Once your options are set, click Render.
Download your videos
Plainly gives you a few ways to get videos out, and the right one depends on how much you're producing:
- Small batches - Download individual videos straight from the dashboard.
- Medium batches - Grab everything as a single .zip file.
- Automatically deliver videos - Send files directly to Google Drive or Dropbox, route them through Frame.io for client review, or push finished videos straight to YouTube, Vimeo, and similar platforms.
- Fully automated pipelines - Use the Plainly API to send videos anywhere, automatically. No manual steps, no one sitting at a computer waiting to hit download.

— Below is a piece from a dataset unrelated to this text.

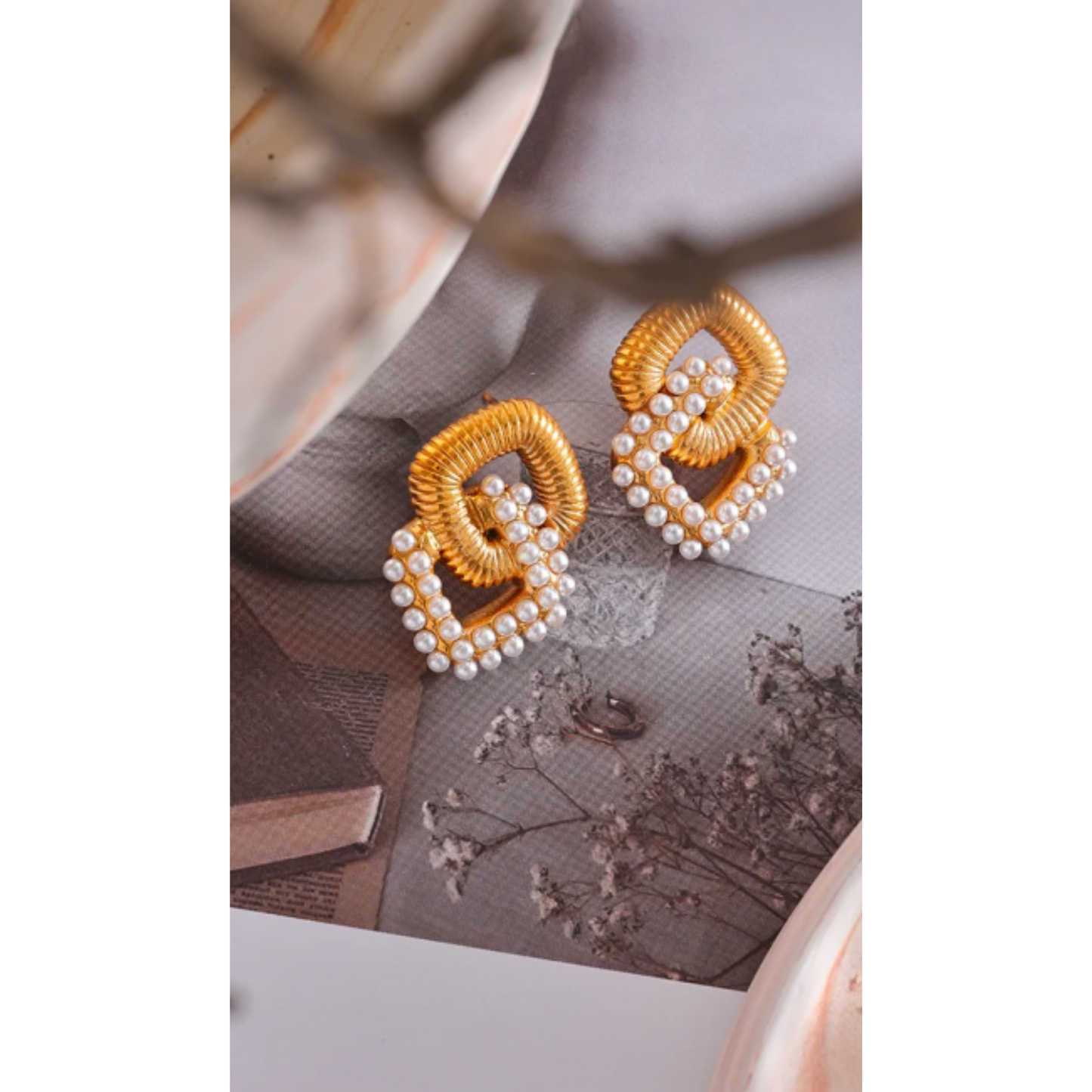Double Square Pearl Studs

Agencies use this to build video workflows that run in the background while the team focuses on other things.
When video automation makes sense
It does not make sense for one-off, highly bespoke productions where every video is structurally different.
Automation makes the most sense when you're producing the same type of video at scale, the structure stays the same across versions, and the only thing changing is the content inside the video. If your team regularly builds 10 or more variations from the same template, pulling data from a spreadsheet, CRM, or database, the time savings add up fast, and the setup cost pays for itself quickly.
If your agency has a repeatable video type and a data source to match, Plainly is built for exactly this. Sign up for a free trial to test the workflow yourself, or book a demo for a walkthrough tailored to your specific use case.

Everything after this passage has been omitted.